トルコとインドネシア、二国間会談で「100億ドル貿易」目標に向け協力を強化
トルコのハカン・フィダン外務大臣は、インドネシアを訪問し、両国間の成長するパートナーシップを確固たるものにするため、インドネシアのプラボウォ・スビアン東大統領と会談を行った。この会談は、両国が経済関係を拡大し、昨年4月に合意した100億ドルの二国間貿易目標を達成することを目指している。会談では、防衛、エネルギー、新興技術といった戦略的分野での協力を深めることに焦点が当てられた。具体的には、防衛産業における協力強化(トルコの無人航空機システムや装甲車など)、エネルギープロジェクト(送電、発電、再生可能エネルギー)、人工知能(AI)、そしてハラル食品産業での共同開発が議論された。フィダン外務大臣は、会談が「非常に生産的」であり、両国が共有する「広範な議題」を進展させたと述べた。両国は、単に経済的な目標達成を目指すだけでなく、グローバルサウスの共通の立場から、国際的な場でより大きな影響力を持つ「中堅国」としての地位を確立することを目指している。
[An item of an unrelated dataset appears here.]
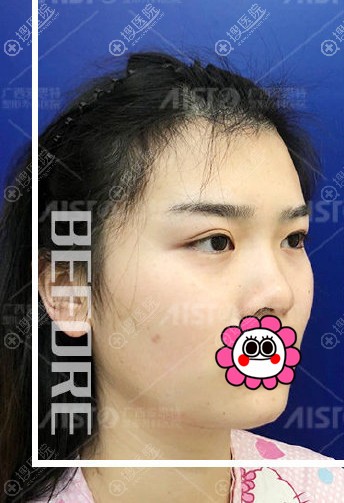 想改善面部轮廓不如到广西爱思特找李俊明做面部脂肪填充试试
貿易額は2023年の21億ドルから2024年には約24億ドルに増加しており、この勢いを維持し、100億ドルという目標に近づけることが、地域政治における両国の外交的地位向上に繋がると期待されている。また、両国は地理的に戦略的な要衝に位置する大人口のイスラム教徒多数国の共通点や、ガザ情勢におけるイスラエルへの批判的な共通の国際的立場も、関係を深める要因となっている。
背景
トルコとインドネシアは、ともに地理的に戦略的な要衝に位置する大人口のイスラム教徒多数国であり、近年、グローバルサウスの枠組みで連携を深めている。両国は、従来の主要な経済ブロック(米中など)に完全に依存せず、自律的な外交政策と経済成長を目指す「中堅国」としての共通の意識を持つ。この会談は、その戦略的連携を具体的な経済・安全保障分野に落とし込む動きである。
重要用語解説
- グローバルサウス: 主に経済的・政治的に先進国(グローバルノース)とは異なる立場にある発展途上国群を指す概念。共通の課題意識や連携を通じて、国際的な発言力を高めようとする動きの背景にある。
- 中堅国(ミドルパワー): 特定の超大国に属さず、独自の外交政策や経済力によって国際社会で一定の影響力を持つことを目指す国家群。自律性と多極的な国際秩序を志向する。
- ハラル食品産業: イスラム教の教義に基づき、食用や使用が許された食材・製品を指す。世界的なイスラム人口の増加に伴い、巨大な市場として注目されている分野である。
今後の影響
100億ドルという目標達成は、両国の経済的な結びつきを劇的に強化し、特に防衛やAIといった先端分野での共同開発を加速させる。これは、単なる貿易拡大に留まらず、両国がグローバルサウスのリーダーシップを共有し、国際的な多国間フォーラム(G20など)において共同で発言力を高める外交的な基盤となることが予想される。今後のエネルギーやインフラ投資の共同プロジェクトが鍵となる。